Task statement: All lines from the one containing "MI license plate DHG4908" through the last line of the listing should be given again exactly, with no pictures.

Exercise data:
--- START ---

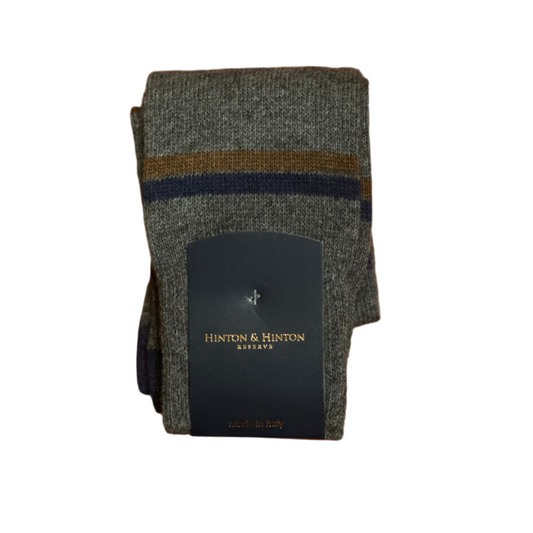 Woven Stripe Socks (Grey)
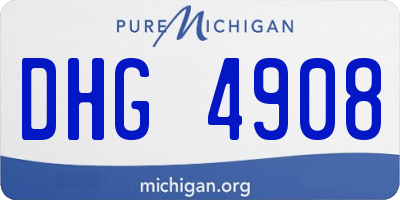 MI license plate DHG4908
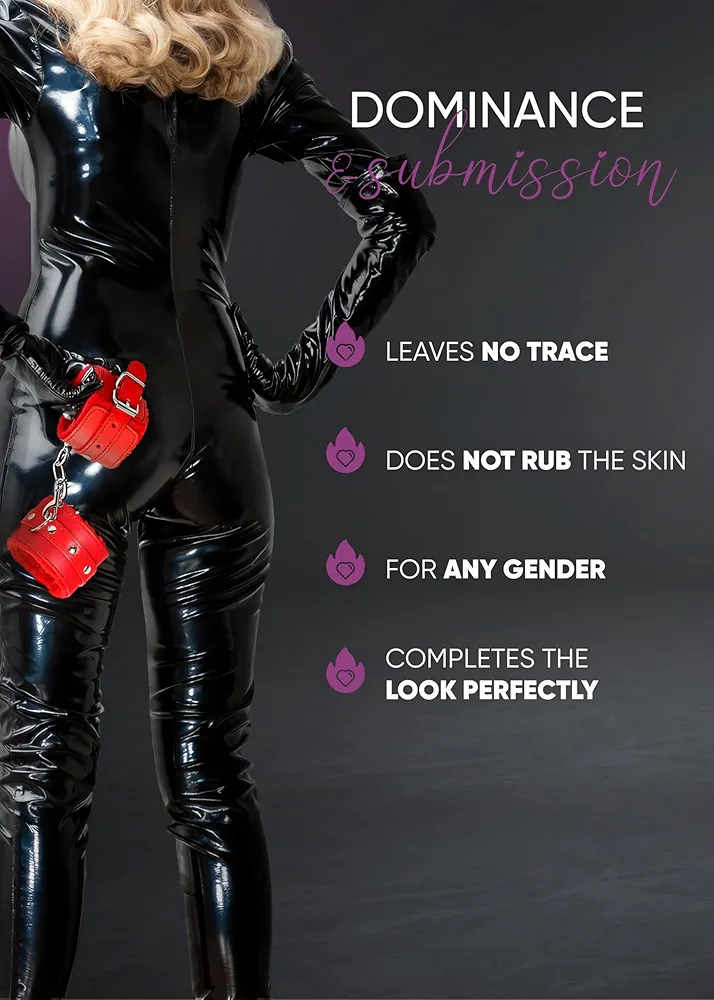 PU Leather Restraint Hand/Wrist Cuffs - Image 25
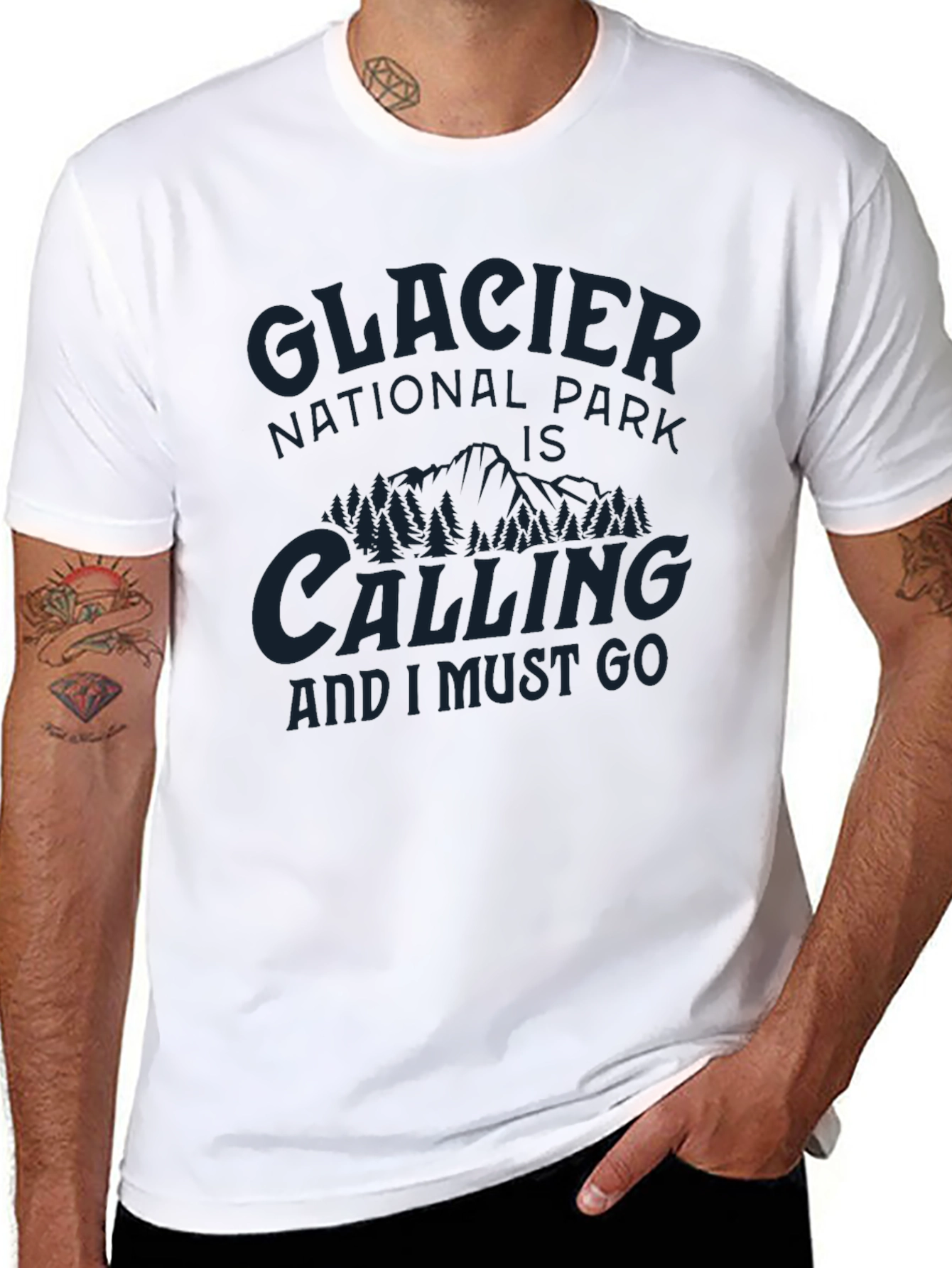 Glacier National Park Calling T-Shirt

--- END ---

Answer below:
 MI license plate DHG4908
 PU Leather Restraint Hand/Wrist Cuffs - Image 25
 Glacier National Park Calling T-Shirt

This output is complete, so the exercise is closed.